The Oldebroek explosion was originally announced for September, though delayed for a month. Who first called it a 'big bang' is not clear, but the earliest instance in BNA in this connection is an article in the Portsmouth Evening News from 23 September, entitled 'A big, big bang':

If a big bang is heard during the weekend no one need be alarmed. It will be a scientific experiment arranged by the Netherlands government in connection with the transmission of the sound of explosions. The big bang will consist of the explosion of ten tons perchlorate of ammonium, and is timed for 8..30 p.m. (summer time), a day to be fixed [...] Official 'listeners-in' have been appointed, and in the countries surrounding the explosion observers are invited to watch for evidence of the big bang.3

(That's four big bangs, if you're counting.) The term caught on from here: most of the articles about the Oldebroek explosion (not that there were a lot) in the following six weeks called it a big bang, such as this discussion the Aberdeen Daily Journal:

Mystery of the 'Big Bang.'

The 'big bang,' as Londoners facetiously called the explosion in Holland, was rather a fiasco as far as London, and the south was concerned. I have not met anybody inside the Metropolitan area who heard anything of the explosion at all. London's usual traffic noises wore apparently too strong.4

And thereafter, as the quick-and-dirty BNA numbers suggest, 'big bang' burbled along through the 1920s and 1930s as a term for a big explosion: in 1924, an Army artillery competition was described as the 'Sheffield "big bang"'; in 1927, a 'Record Big Bang' was expected in Dundee for the Fifth of November ; in 1935, a big quarry detonation was described as 'Scotland's Big Bang'.5

To be clear, while the words 'big bang' certainly appear together in BNA before 1922, they don't seem to have been recognised as a phrase -- just to describe a bang that, somewhat redundantly, happened to be big. Conversely, by 1949, when Fred Hoyle spoke on the BBC about the expanding universe theory, 'big bang' was available as a stock phrase, and indeed, as he was born in 1915, had been since he was a small boy. So, while he may have got it from the Heligoland Big Bang via the scientific literature, he may also have got it from Guy Fawkes Night.

Finally -- because Airminded -- let's tie this back to aviation. Why such an interest in 1922 in the propagation of sound from large explosions? Since in 1947 there seems to have been a connection to the late war, in the form of atomic explosions, we might suspect some connection here to the other late war -- something to do with artillery ranging, perhaps, or sound detection of aircraft. But, as far as I can see, neither the discussions in Nature nor the articles in BNA mention or speculate on any warlike purpose to the Oldebroek experiment. In fact it's mostly presented as pure science, and it was the Meteorological (or Met) Office which collated the observations in Britain. But in 1919 the Met Office had been moved from the Board of Trade to the Air Ministry, in recognition of the importance of weather forecasting for aerial navigation. Perhaps, then, the first big bang helped pave the way for the upcoming aerial age.
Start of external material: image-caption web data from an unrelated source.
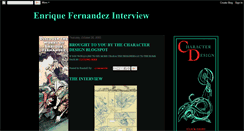 Desktop Screenshot of enrique-fernandez-interview.blogspot.com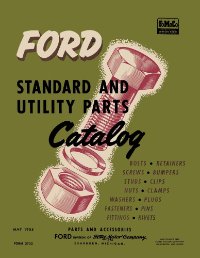 1928 1938 1948 1953 Ford Truck Standard/Utility Part Numbers Guide Interchange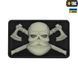 M-Tac нашивка Bearded Skull 3D PVC Black/GID 51113299 фото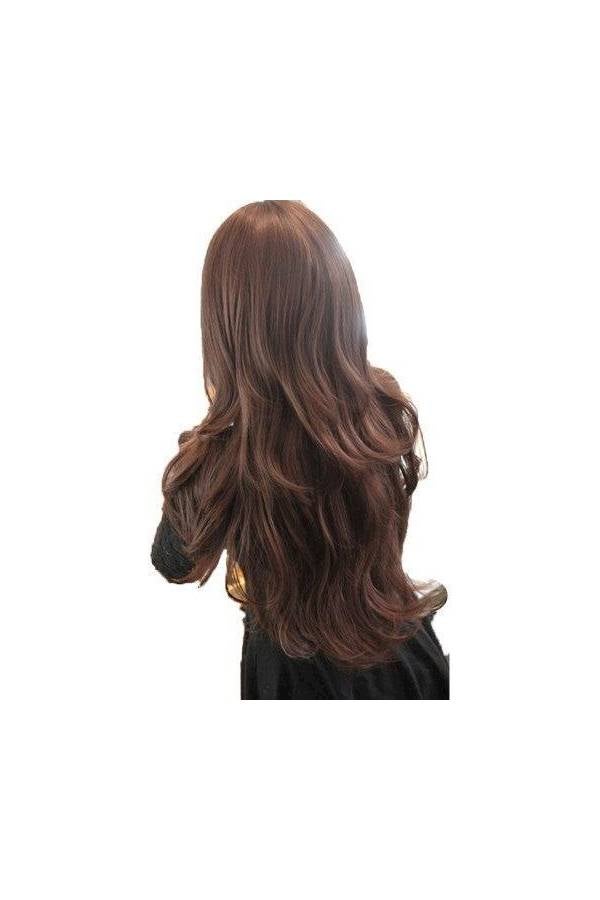 Generic Curly Hair Wigs With Hair Cap Brown  - Image 4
CC BY-NC-ND 4.0 This work is licensed under a Creative Commons Attribution-NonCommercial-NoDerivatives 4.0 International License. Permissions beyond the scope of this license may be available at http://airminded.org/copyright/.

  1. Evening Telegraph (Dundee), 30 October 1922, 2.[]
  2. ‘Propagation of the sound of explosions’, Nature 110, no. 2766 (1 November 1922): 619–620.[]
  3. Evening News (Portsmouth), 23 September 1922, 7.[]
  4. Aberdeen Daily Journal, 30 October 1922, 4.[]
  5. Sheffield Daily Telegraph, 27 August 1924, 7; Evening Telegraph (Dundee), 3 November 1927, 5; Courier and Advertiser (Dundee), 31 May 1935, 7.[]

3 thoughts on “The first Big Bang — II

  1. Erik Lund

    Two years after the "Big Bang" talk, but still an interesting connection:

    "Ewing, M. and Press, F.: Tide?gage disturbances from the great eruption of Krakatoa, Eos, Transactions American Geophysical Union, 36, 53-60, 1955, previewed in "Volcano and Ice," Time, 26 March 1951.
    Ewing and Press, working from reports that the "famous explosion" of Krakatoa in 1883 send "air waves seven times around the world," discovered a Royal Society report on the associated sea wave, concluded that reported anomalous tidal gauge readings previously associated with the sea wave, were in fact induced by the "air wave," developed a theory to predict the effect, and turned it into a way to assess the thickness of sea ice by bombing it, funded by the Air Force, ostensibly to measure the thickness of Arctic ice lest those damn Commies, etc, etc. (We are talking about the Fifties, and the Luce press, here.)

    It's all a bit strained, but it definitely starts with a "bang" heard around the world.

  2. Rawdon Crawley

    I spent five years - part-time - in the British Library Newspaper Department years ago researching something. With the BNA I could spend five minutes fixing my terms and perhaps a week getting all the details. Mind you, I'd have missed a lot of other interesting things I came across looking.
    A friend tells the story of how he wanted to track down the source of a passage written by Matthew Arnold. The trouble was his source was a French translation. Via Googlebooks it took ten minutes to find the translation and theEnglish original. The book with the French version isn't in the BL, so - if he was eager enough - he'd have had to got the BNL. As the translation was a passing reference it's quite likely he'd never have come across it at all.

  3. Post author

    Erik:

    I'm sold!

    Rawdon:

    Absolutely! I've done my time at Colindale and other physical newspaper archives, too, and while it's true that you miss things that way (not least a sense of how newspapers actually worked, in terms of layout, attention, advertising, and so on), I wouldn't trade it for what we have today with BNA/Trove/etc. I guess I'm glad to have done it the old-fashioned way -- but I'm glad that it is old-fashioned now.